La falta de reflexión estética sobre los productos industriales o en masa, incluidos la arquitectura y los elementos y procesos constructivos, produce un claro fenómeno de “aculturización” en sus consumidores, que se alimentan de formas banales, sin discurso y ajenas a los valores culturales del individuo y su sociedad. Este fenómeno acentúa la sensación de desarraigo y desvinculación respecto a la ciudad sagrada o mítica y no deja de ser una manipulación destinada a excluir a una masa determinada de la población de valores cívicos propios a una cultura convirtiéndose en simbólicos extramuros. Estos habitantes solo participan de la ciudad como usuarios potenciales, pero a la que realmente no pertenecen o no tienen sensación de pertenencia.

La cultura del Thanatos

La obsesión con el presente de nuestra cultura mutila nuestras aspiraciones en dos direcciones. En primer lugar nos hace mortales en tanto que fomenta la destrucción de nuestro pasado material e inmaterial y por tanto nuestra posibilidad de trascendencia. Nuestro fin es el presente que consume todo lo que fuimos. En segundo lugar carece de aspiraciones futuras, y por tanto de la posibilidad de creación de una nueva cultura. Todo debe ser creado para desaparecer antes de que tenga la posibilidad de un significado. La gran metrópolis como monumento al nihilismo, a la ausencia de trascendencia, de teología de finalidad.

La ciudad industrial supone el inicio de la desmaterialización de la ciudad mítica. Las reivindicaciones recientes del patrimonio son una necesidad para configurar un imaginario urbano sostenible.

Adentrarse en la ciudad mítica es un viaje por la ciudad heredada, un legado que representa nuestra riqueza al tiempo que nuestra responsabilidad.

¿Pero cómo aproximarse a la ciudad sagrada?

Este reto carece de una respuesta justa y tiene sin embargo múltiples posibilidades.

La vía de la desmitificación: la afirmación de la continuidad histórica; favorecer los signos de reconocimiento; intervención de la contemporaneidad para establecer un dialogo que mitigue la distancia. Peligro de esta vía: la fomento de la depreciación y el riesgo consecuente de manipulación y destrucción.

La vía de la reproducción invariable; constituye un estancamiento ficticio en el tiempo y finaliza con la banalización del elemento origen.

La vía del contraste: afirmar la diferencia temporal y formal.

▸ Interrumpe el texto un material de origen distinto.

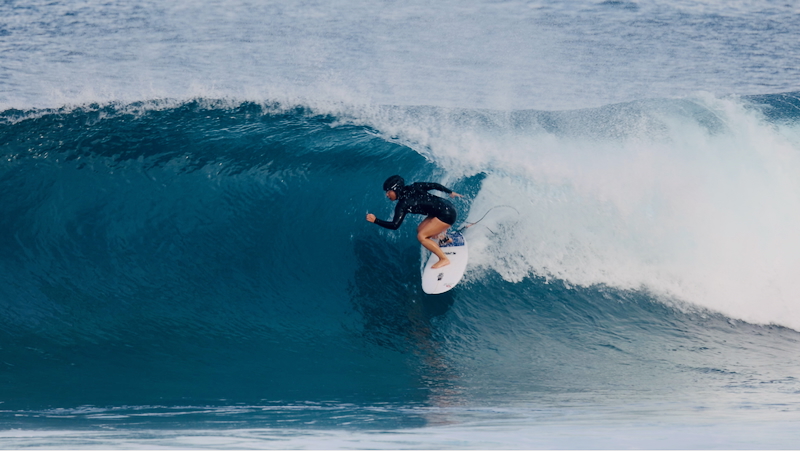 スクリーンショット 2025-12-16 17.03.37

Representar cada momento con una identidad claramente marcada. Aislar el tiempo anterior y crear una representación consciente del tiempo presente. Implica un reconocimiento de la ruptura del proceso urbano progresivo que se sustituye por un proceso de urbanización a gran escala.

La vía del equilibrio: ponderar los ámbitos de contención, dialogo y contraste. La ciudad ideal representa un correctivo además de un desafío: inalcanzable pero necesario. Tomar conciencia de que la ciudad que queremos preservar no existe, y la que queremos construir es sólo un ideal que se modifica constantemente. Identificar la presencia de la vitalidad y afirmación de los objetivos.

Conocemos lo que hemos perdido y aunque ya no existe, lo buscamos incesantemente en cada uno de nuestros viajes, dentro y fuera de la ciudad universal.